__Required action__
If a line comes after the one containing "Sfera y su festiva", leave it out; copy every line before it, and that line too, exactly as written, starting from the first line of the entries.

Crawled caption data
+ + + +
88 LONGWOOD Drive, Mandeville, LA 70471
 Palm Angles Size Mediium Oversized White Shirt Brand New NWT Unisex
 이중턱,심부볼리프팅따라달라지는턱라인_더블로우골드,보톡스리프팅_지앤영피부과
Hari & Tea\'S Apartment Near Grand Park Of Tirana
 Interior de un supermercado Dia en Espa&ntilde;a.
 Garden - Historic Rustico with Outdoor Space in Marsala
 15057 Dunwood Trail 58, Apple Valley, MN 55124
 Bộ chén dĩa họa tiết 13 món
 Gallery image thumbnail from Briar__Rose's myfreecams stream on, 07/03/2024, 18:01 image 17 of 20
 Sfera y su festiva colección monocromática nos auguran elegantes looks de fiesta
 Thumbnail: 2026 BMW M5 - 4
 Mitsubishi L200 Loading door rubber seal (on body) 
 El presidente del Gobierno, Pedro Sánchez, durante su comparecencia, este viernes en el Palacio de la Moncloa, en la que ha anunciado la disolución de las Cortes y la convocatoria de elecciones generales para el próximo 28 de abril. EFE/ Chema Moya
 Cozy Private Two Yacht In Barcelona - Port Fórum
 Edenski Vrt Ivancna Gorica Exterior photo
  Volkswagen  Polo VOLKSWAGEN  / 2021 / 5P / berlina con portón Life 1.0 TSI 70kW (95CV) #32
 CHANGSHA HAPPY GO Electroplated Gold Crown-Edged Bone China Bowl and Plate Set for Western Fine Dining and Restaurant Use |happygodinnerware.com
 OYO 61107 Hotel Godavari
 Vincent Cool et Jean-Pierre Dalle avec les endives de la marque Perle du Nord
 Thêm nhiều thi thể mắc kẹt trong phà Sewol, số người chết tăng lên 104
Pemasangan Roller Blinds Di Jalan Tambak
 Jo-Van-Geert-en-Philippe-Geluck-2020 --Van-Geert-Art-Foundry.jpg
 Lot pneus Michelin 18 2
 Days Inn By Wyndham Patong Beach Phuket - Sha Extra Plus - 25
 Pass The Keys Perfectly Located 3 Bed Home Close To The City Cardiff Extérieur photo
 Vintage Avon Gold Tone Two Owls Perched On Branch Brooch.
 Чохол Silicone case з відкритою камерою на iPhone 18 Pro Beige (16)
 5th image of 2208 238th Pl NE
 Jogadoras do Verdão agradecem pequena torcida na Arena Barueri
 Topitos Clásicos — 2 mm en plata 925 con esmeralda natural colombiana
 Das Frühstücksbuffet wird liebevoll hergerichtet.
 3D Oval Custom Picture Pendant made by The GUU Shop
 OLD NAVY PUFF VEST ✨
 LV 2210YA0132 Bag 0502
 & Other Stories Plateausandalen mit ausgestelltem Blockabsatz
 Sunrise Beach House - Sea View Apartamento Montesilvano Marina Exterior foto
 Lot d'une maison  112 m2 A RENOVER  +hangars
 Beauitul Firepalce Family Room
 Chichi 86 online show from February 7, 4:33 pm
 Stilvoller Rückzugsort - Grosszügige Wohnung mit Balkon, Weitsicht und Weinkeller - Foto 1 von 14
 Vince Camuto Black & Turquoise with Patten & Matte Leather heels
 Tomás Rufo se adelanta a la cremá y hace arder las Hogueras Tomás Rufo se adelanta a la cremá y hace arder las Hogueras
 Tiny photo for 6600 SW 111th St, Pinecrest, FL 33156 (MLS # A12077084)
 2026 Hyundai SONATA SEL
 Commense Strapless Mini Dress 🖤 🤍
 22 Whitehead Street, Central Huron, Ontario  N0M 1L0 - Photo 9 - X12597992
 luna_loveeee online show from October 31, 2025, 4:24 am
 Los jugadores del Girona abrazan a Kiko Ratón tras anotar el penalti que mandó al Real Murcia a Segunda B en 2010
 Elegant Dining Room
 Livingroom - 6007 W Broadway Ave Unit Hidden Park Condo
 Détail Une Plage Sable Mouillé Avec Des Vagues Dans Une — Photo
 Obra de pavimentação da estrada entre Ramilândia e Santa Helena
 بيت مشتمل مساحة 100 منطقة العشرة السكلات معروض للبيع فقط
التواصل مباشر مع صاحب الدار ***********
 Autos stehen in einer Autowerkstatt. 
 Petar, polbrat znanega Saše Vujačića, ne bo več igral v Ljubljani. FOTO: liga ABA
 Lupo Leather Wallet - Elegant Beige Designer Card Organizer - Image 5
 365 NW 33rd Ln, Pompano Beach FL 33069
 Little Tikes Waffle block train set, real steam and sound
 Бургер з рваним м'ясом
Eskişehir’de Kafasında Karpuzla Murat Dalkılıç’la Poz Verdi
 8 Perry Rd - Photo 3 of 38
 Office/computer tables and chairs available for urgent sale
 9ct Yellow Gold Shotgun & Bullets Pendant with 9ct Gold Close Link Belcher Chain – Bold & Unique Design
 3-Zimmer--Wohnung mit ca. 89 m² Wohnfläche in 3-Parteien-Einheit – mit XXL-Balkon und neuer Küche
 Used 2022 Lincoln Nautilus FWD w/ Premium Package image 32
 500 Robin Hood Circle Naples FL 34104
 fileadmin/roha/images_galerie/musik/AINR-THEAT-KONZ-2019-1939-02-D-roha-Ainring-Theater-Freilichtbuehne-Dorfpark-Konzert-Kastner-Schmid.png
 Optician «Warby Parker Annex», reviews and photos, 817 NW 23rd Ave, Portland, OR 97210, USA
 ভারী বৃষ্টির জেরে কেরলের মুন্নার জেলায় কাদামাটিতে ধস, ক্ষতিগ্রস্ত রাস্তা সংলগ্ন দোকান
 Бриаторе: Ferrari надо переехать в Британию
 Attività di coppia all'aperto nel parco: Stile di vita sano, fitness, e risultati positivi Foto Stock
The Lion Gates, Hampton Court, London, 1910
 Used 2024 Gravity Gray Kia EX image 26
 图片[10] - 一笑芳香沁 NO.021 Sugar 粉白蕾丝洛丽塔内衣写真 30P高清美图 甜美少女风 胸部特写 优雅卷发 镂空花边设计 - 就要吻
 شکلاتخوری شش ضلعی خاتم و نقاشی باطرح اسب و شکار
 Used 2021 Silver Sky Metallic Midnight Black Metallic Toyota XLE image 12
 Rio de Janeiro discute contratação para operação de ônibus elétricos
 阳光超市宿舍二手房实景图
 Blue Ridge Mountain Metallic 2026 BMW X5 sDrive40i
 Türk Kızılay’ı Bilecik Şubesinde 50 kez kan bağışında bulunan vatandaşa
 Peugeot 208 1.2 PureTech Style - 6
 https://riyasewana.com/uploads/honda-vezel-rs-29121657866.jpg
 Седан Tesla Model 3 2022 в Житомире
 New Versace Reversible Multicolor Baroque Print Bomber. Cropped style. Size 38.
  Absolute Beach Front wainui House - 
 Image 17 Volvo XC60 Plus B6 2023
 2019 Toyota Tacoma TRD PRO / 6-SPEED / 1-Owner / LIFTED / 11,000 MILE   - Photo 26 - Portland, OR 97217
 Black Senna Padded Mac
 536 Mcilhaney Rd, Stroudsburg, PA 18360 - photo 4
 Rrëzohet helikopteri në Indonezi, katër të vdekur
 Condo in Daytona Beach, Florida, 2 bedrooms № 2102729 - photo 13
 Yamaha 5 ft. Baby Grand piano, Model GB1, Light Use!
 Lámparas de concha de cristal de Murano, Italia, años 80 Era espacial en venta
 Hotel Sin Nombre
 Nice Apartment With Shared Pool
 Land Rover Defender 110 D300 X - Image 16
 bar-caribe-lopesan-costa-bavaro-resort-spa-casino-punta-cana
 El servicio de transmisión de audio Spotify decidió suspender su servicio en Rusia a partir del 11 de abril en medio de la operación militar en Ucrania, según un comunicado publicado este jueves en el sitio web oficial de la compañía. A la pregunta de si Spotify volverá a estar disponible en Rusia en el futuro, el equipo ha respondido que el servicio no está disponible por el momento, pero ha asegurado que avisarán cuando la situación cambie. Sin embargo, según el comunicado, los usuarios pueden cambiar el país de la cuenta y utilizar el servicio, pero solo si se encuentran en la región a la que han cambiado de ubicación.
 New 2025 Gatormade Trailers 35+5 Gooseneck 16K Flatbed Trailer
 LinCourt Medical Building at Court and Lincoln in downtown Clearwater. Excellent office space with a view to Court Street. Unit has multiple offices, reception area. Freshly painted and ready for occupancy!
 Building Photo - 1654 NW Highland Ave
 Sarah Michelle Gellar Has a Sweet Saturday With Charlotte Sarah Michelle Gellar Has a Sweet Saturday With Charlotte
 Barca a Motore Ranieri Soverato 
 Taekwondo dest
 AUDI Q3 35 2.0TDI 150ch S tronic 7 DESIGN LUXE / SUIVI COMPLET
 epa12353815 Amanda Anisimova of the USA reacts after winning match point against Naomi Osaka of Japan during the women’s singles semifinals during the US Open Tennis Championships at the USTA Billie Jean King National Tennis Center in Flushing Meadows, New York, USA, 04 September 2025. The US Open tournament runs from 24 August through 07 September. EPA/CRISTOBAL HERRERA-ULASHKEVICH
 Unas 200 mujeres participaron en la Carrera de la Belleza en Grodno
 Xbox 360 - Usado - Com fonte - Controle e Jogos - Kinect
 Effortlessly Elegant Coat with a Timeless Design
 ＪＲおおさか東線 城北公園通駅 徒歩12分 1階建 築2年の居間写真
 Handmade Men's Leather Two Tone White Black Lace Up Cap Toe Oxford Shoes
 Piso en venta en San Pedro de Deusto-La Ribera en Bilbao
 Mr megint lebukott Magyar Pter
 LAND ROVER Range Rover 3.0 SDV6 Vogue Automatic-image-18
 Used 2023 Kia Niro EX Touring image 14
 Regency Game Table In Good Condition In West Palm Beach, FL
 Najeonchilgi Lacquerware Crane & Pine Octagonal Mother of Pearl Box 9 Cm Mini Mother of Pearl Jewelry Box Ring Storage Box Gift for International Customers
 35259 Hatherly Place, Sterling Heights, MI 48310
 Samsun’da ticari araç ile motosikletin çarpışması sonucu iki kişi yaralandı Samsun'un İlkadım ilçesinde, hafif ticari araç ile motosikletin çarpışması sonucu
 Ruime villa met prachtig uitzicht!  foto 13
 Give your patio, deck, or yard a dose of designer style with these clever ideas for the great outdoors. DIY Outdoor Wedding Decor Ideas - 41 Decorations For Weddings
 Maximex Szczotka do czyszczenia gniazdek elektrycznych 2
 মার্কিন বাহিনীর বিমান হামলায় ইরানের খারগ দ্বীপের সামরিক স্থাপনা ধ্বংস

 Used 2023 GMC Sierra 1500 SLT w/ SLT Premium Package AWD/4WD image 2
+ + + +
__Response for this exercise__
88 LONGWOOD Drive, Mandeville, LA 70471
 Palm Angles Size Mediium Oversized White Shirt Brand New NWT Unisex
 이중턱,심부볼리프팅따라달라지는턱라인_더블로우골드,보톡스리프팅_지앤영피부과
Hari & Tea\'S Apartment Near Grand Park Of Tirana
 Interior de un supermercado Dia en Espa&ntilde;a.
 Garden - Historic Rustico with Outdoor Space in Marsala
 15057 Dunwood Trail 58, Apple Valley, MN 55124
 Bộ chén dĩa họa tiết 13 món
 Gallery image thumbnail from Briar__Rose's myfreecams stream on, 07/03/2024, 18:01 image 17 of 20
 Sfera y su festiva colección monocromática nos auguran elegantes looks de fiesta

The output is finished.